In a filing dated December 18, 2023, the SEC accused Mmobuosi of orchestrating a multi-year scheme aimed at fabricating financial statements and documents for the mentioned entities and their Nigerian subsidiaries—Tingo Mobile Limited and Tingo Foods PLC. The complaint alleges that these falsified documents were used to mislead investors through press releases, SEC filings and other public statements.

The SEC’s complaint specifically highlights instances of substantial misrepresentations in financial reports.

“For instance, Tingo Group’s fiscal year 2022 Form 10-K filed in March 2023 reported a cash and cash equivalent balance of $461.7 million in its subsidiary Tingo Mobile’s Nigerian bank accounts. In reality, those same bank accounts allegedly had a combined balance of less than $50 as of the end of fiscal year 2022. According to the SEC’s complaint, Defendants also fabricated the customer relationships that formed the basis of their purported businesses,” the SEC stated.

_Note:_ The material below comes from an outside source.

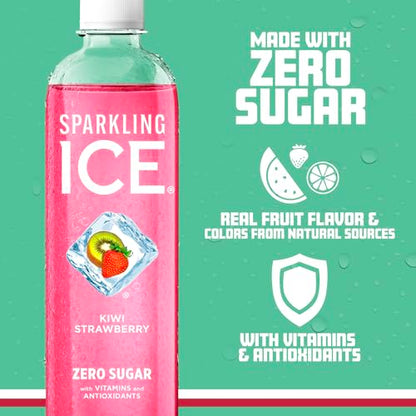Sparkling Ice, Kiwi Strawberry Sparkling Water, Zero Sugar Flavored Water, with Antioxidant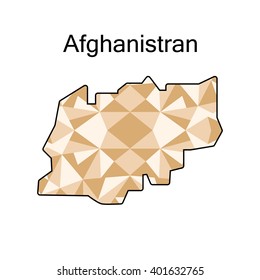map of Afghanistan,low polygon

The allegations also delve into the fraudulent creation of customer relationships forming the foundation of their purported businesses. Moreover, it’s alleged that Mmobuosi and the entities under his control obtained significant amounts of money or property through these schemes. Mmobuosi is accused of diverting funds for personal use, including luxury purchases like cars, private jet travel, and even an unsuccessful attempt to acquire an English Football Club Premier League team.

The SEC’s complaint, filed in the U.S. District Court for the Southern District of New York, involves charges of violating federal securities laws’ anti-fraud provisions against all four Defendants. Additional charges include reporting, books and records, and internal control violations against Nasdaq-listed Tingo Group, OTC-traded Agri-Fintech, and Mmobuosi. Furthermore, Mmobuosi faces charges of lying to auditors, insider trading, and failure to disclose millions of Agri-Fintech common stock sales.

The SEC seeks various forms of relief, including permanent injunctive measures, disgorgement of ill-gotten gains, civil penalties, and the return of profits obtained through stock sales. Additionally, it aims to restrain Mmobuosi from holding positions in public companies or participating in penny stock offerings.

In an emergency application, the SEC seeks temporary and preliminary relief, including freezing Mmobuosi’s assets, prohibiting money transfers or share issuances to Mmobuosi from TIH, Agri-Fintech, and Tingo Group, and preventing the disposal of stock holdings. The order also seeks to safeguard records, documents, and repatriation of proceeds pending further legal proceedings.

The SEC’s investigation involves a team from the New York Regional Office and is being led by several key individuals. The SEC acknowledges the support of Nasdaq’s Enforcement Department in this matter.